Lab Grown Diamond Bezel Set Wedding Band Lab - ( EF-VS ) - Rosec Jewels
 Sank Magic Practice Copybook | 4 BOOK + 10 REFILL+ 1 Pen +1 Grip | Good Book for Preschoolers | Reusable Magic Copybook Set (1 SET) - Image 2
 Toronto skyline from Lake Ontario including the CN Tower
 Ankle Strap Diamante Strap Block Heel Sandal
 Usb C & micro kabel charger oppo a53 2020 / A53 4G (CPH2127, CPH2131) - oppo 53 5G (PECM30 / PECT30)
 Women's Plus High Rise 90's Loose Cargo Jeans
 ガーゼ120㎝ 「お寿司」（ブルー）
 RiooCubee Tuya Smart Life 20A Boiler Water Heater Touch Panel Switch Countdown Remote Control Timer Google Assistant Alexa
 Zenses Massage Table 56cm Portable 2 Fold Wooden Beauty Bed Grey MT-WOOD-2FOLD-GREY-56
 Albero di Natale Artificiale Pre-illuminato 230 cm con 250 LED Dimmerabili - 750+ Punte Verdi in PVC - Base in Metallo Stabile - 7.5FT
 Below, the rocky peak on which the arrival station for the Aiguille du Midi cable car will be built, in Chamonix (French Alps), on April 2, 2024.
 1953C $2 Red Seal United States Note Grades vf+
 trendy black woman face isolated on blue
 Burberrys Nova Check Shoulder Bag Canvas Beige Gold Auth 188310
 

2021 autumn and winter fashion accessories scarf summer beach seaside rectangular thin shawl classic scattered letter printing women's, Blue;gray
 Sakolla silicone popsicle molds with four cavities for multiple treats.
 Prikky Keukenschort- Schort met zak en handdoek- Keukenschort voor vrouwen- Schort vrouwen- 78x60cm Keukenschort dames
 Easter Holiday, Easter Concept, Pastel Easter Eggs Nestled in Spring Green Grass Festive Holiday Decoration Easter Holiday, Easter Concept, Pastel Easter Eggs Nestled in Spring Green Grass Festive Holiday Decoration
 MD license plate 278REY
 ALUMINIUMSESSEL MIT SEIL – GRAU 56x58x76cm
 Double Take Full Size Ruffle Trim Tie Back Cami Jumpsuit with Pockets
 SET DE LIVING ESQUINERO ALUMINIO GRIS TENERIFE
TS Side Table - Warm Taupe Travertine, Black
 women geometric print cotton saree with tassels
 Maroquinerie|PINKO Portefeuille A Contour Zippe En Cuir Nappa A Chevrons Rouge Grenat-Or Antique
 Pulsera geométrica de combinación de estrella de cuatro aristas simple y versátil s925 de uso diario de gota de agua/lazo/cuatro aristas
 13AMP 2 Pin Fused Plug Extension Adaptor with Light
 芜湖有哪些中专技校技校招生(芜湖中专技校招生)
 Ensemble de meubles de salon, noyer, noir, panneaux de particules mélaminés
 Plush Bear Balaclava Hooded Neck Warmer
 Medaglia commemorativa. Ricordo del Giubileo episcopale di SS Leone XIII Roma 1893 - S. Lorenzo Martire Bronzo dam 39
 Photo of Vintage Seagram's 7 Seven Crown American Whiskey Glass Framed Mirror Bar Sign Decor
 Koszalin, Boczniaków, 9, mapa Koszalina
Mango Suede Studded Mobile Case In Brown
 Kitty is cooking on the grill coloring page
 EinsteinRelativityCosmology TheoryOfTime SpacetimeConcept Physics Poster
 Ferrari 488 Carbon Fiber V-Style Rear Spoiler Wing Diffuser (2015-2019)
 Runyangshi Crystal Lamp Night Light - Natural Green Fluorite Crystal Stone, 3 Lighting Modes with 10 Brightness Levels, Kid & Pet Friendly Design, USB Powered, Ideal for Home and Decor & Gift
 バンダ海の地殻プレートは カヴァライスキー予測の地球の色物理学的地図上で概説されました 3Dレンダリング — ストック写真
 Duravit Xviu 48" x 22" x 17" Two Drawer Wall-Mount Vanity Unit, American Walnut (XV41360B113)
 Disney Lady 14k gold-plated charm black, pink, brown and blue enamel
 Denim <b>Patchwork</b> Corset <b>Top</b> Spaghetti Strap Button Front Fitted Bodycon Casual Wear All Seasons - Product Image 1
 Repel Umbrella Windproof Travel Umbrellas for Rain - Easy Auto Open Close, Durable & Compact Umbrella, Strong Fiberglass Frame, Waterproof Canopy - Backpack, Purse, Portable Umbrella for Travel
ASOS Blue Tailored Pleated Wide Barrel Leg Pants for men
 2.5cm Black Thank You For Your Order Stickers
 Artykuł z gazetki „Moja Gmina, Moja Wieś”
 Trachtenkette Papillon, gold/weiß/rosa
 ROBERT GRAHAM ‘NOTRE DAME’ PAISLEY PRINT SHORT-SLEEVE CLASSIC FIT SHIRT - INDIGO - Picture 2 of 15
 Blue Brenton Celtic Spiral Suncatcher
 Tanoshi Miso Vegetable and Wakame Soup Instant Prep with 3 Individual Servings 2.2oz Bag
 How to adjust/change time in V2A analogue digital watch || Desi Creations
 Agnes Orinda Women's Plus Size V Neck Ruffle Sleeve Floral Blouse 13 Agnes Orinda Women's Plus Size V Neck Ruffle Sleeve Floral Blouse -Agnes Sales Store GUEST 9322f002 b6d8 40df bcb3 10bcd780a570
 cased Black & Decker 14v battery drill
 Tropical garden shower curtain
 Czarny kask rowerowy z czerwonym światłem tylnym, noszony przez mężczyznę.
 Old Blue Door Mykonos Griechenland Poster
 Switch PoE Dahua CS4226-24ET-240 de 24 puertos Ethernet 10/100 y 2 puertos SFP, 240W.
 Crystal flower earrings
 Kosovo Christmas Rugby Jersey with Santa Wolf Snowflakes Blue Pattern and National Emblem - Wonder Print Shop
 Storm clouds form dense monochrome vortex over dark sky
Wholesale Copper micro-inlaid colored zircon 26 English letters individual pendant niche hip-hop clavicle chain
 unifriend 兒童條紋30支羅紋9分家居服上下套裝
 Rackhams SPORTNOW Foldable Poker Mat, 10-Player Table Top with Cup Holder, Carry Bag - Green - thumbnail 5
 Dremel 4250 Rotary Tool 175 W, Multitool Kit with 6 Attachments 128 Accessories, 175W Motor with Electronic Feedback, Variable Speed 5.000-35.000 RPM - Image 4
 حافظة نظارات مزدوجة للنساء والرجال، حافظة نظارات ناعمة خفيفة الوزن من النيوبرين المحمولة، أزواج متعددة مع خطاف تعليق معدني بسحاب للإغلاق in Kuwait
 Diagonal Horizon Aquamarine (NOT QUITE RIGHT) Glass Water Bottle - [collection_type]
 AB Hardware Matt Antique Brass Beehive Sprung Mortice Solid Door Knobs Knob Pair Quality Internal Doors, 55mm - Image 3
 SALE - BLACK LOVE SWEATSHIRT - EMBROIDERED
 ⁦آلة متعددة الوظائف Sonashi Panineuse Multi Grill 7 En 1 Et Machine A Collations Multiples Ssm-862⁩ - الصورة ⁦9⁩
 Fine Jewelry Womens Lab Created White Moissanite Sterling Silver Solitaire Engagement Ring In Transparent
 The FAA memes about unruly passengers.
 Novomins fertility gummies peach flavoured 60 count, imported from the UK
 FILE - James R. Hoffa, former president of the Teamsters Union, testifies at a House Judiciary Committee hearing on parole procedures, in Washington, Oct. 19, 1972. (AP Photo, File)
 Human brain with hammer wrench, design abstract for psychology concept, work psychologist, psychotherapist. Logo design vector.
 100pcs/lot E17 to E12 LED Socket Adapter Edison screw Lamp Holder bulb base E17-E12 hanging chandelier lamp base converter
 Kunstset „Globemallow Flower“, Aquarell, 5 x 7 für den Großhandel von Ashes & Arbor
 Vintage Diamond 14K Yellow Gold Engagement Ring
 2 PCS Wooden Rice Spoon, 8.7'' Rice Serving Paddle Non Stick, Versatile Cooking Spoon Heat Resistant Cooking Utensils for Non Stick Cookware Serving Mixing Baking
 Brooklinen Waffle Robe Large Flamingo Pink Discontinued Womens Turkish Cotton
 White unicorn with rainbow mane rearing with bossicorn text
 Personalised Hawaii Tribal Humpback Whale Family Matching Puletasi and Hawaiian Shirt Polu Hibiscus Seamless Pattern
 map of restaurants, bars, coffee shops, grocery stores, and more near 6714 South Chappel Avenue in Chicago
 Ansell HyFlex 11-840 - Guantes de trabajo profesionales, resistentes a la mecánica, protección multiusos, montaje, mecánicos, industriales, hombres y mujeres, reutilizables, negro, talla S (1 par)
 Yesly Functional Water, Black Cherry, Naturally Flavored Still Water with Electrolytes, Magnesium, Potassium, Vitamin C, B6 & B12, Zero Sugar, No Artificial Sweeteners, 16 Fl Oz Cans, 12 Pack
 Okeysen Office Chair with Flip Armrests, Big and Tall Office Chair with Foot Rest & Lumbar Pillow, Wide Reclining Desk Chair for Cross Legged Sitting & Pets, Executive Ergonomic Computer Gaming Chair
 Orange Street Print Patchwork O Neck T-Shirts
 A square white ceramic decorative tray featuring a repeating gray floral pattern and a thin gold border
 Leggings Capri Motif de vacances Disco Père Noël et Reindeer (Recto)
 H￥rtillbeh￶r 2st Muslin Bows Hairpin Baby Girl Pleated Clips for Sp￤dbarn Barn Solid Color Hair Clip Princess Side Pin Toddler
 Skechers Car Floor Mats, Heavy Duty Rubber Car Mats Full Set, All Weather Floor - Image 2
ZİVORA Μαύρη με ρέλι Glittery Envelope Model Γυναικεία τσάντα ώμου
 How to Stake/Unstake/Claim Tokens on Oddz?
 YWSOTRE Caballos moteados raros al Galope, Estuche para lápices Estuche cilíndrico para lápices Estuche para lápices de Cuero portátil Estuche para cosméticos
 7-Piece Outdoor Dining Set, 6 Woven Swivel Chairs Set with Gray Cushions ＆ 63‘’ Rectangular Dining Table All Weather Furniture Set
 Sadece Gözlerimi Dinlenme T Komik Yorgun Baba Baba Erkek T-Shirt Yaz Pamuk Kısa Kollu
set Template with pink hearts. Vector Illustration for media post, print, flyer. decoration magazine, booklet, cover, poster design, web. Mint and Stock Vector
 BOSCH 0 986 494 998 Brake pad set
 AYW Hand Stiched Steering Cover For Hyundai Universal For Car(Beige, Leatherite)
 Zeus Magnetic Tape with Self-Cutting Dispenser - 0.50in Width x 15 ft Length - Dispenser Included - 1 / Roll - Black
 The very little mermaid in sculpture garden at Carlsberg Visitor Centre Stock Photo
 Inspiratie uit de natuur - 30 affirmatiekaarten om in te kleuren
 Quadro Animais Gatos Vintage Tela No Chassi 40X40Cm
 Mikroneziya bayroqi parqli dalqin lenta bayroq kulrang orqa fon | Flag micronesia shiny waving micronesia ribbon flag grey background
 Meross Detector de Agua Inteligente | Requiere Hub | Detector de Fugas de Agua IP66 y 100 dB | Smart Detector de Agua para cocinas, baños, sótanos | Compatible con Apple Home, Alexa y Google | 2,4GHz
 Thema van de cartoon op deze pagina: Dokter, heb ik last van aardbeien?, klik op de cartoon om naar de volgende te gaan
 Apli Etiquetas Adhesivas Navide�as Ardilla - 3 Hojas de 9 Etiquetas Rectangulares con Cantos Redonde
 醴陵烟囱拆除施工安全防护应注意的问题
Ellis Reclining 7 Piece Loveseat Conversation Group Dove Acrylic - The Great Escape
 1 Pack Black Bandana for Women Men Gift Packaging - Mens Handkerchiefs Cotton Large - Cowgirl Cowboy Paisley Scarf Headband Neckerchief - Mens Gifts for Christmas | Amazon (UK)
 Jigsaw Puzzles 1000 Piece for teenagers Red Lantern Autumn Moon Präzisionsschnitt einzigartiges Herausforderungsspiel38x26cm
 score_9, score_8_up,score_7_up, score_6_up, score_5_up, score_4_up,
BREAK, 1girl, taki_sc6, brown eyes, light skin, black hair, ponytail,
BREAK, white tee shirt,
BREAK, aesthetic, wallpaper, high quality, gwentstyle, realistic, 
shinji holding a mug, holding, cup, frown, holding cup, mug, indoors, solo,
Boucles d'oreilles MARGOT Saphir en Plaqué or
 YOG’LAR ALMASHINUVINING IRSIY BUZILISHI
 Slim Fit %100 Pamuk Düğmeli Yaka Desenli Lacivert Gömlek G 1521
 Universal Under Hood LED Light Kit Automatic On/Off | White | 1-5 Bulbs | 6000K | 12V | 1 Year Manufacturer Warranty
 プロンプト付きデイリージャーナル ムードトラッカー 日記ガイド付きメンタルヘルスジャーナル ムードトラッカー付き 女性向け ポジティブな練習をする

+ + + + +

▶ _What the task asks_: Look above for the line holding "A square white" and the line holding "Leggings Capri Motif". Retype both, and every line between them, word for word and nothing else.

▶ _Answer for this exercise_:
 A square white ceramic decorative tray featuring a repeating gray floral pattern and a thin gold border
 Leggings Capri Motif de vacances Disco Père Noël et Reindeer (Recto)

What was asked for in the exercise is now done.